A certa altura da discussão, Beuys incita à acção artística contra um inimigo, o materialismo (tanto sob a forma do capitalismo ocidental como sob a forma do capitalismo de Estado e do centralismo comunista do Leste europeu), que “reduziu o tamanho do ser humano em relação às suas possibilidades”.

A sua ideia é que a arte pode “recriar o ser humano na sua totalidade”. E, logo a seguir, prosseguindo a sua ideia da arte como grandioso empreendimento (mesmo quando é feita por todos), capaz de contrariar a redução do mundo e resgatar a consciência humana a essa redução, faz uma intempestiva injunção: “Devemos construir uma catedral”.

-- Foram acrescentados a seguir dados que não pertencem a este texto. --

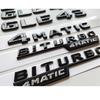 Brilliant Gloss Shiny Black Fender Trunk Emblem Badges for Mercedes Benz W205 C43 W213 E43 X253 GLC43 GLE43 AMG BITURBO 4MATIC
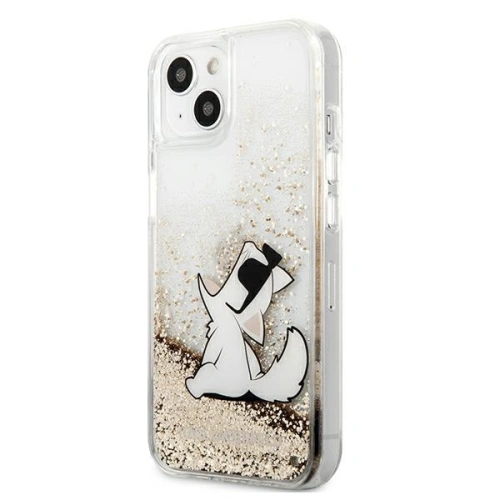 Kup Etui Karl Lagerfeld KLHCP13MGCFD Apple iPhone 13 arany/hardver Liquid Glitter Choupette Fun - KLD615GLD - {ean13} - Sklep Home Screen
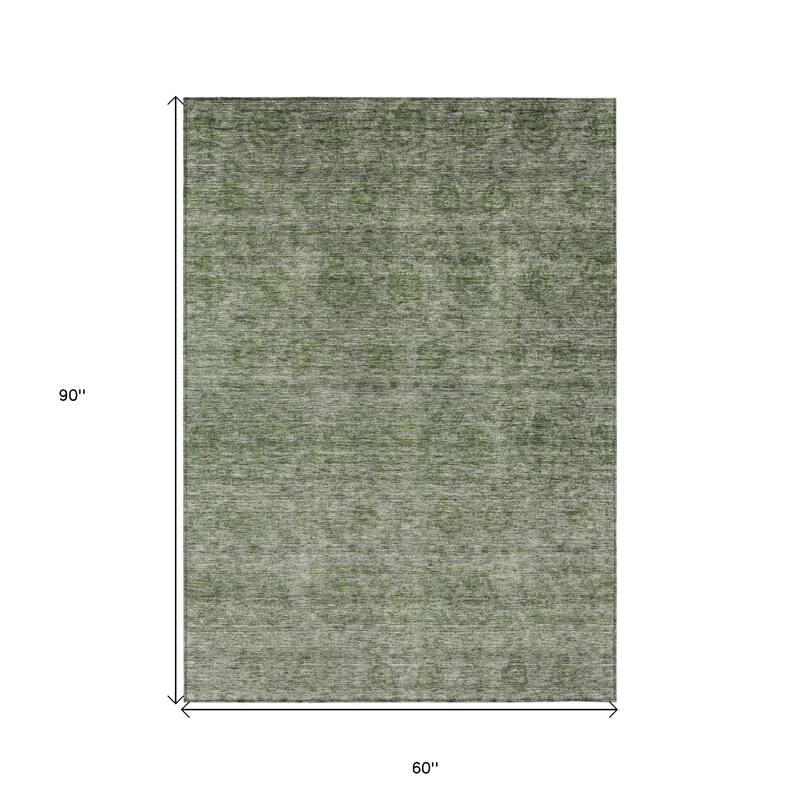 HomeRoots Floral Transitional Rectangle Outdoor Rug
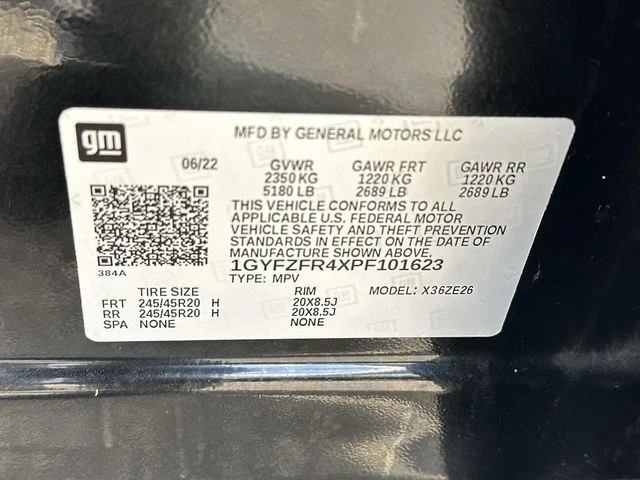 Certified Used 2023 Black Cadillac Sport image 18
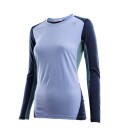 Aclima LightWool Sports Shirt, Dame Purple Navy (#A9B6E2, #232A4,#4A7073)6 Dame XS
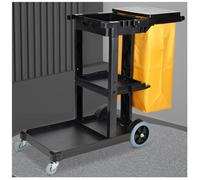 Multifunctal Hotel Cleaning Cart with High Load Silent Swivel Casters & Design for Efficient Room Service & Housekeeping Soluts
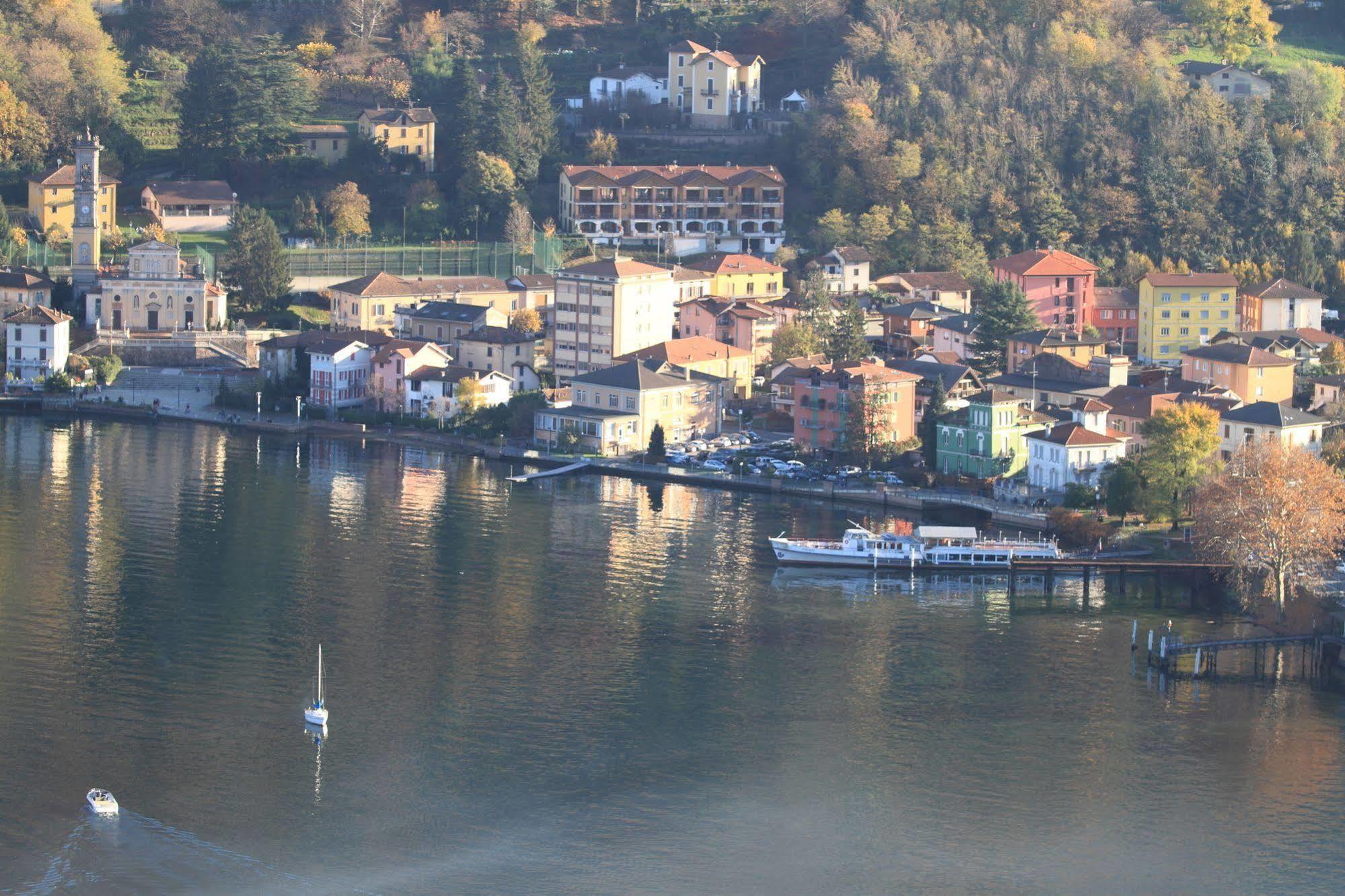 Hotel Il Canneto Porto Ceresio Zewnętrze zdjęcie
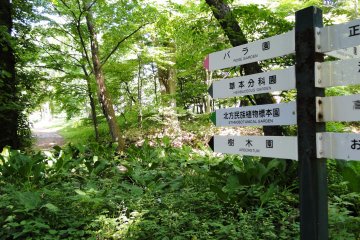 <p>Les all&eacute;es du jardin sont bien indiqu&eacute;es</p>
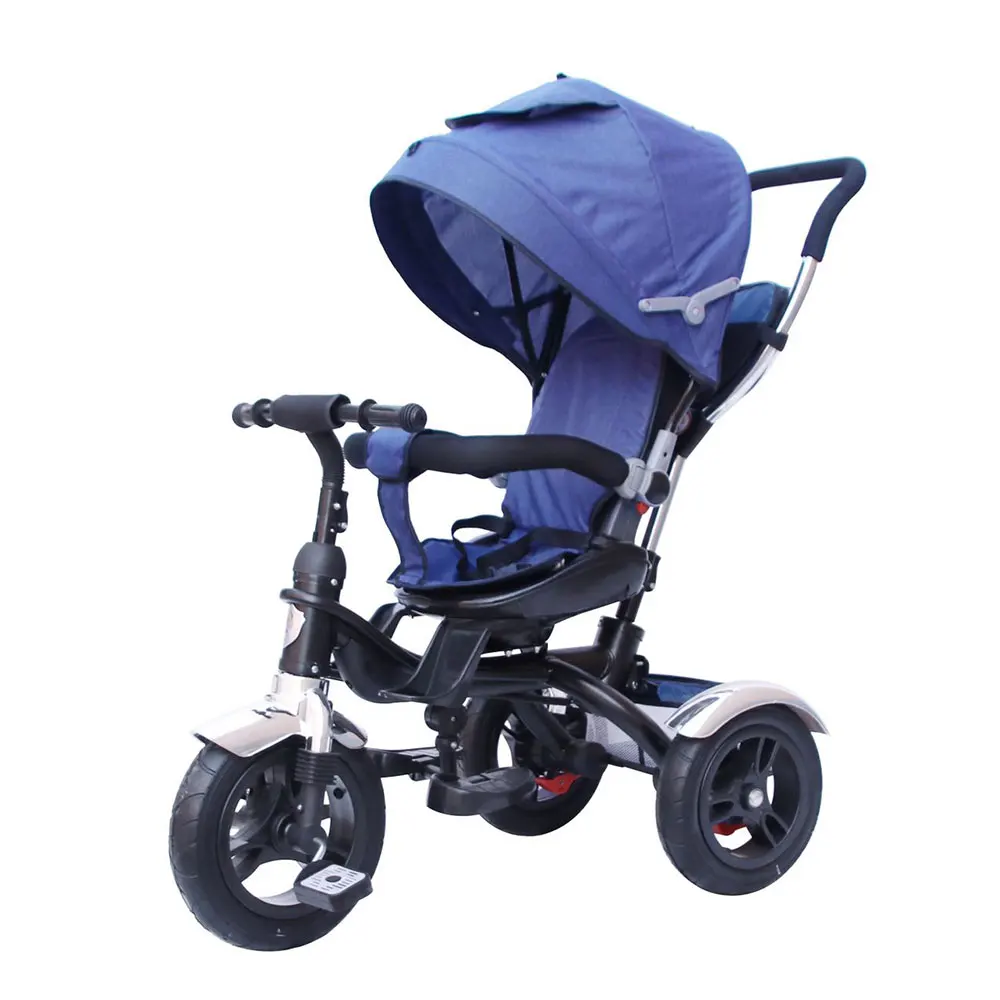 

High quality luxurious aluminium metal frame kids travel system baby stroller pram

A catedral de Colónia tinha sido evocada pouco antes por Kounellis, que tinha dito que ela “remete para uma centralidade, engloba uma cultura e indica o futuro”. Mas não é uma catedral como a de Colónia que Beuys quer construir. Essa, diz ele, “é uma má escultura, daria uma boa estação de comboios. A de Chartres é melhor”.

E mais à frente, depois de ouvir as palavras mais prudentes de Kounellis (“Para construir uma catedral, é necessário um método e um conhecimento do passado”), reafirma a sua disposição: “Nós não estamos aqui reunidos para melhorar as nossa relações. Estamos aqui para construir uma catedral”, isto é, para retirar a arte da periferia e da não existência para onde ela foi empurrada “pelo sistema económico dominante”.

Podemos comentar estas afirmações, lembrando que muitos poetas modernos e romancistas, assim como artistas, embora conscientes, tal como Joseph Beuys, de que a cultura actual não pode ser marcada pelas catedrais góticas, recorreram ao símbolo da catedral e investiram nele uma enorme significação. Generalizando com algum cuidado, digamos que a catedral simboliza as aspirações culturais colectivas da Europa pré-moderna, mas também consagra a esperança de recuperar através da arte uma cultura perdida.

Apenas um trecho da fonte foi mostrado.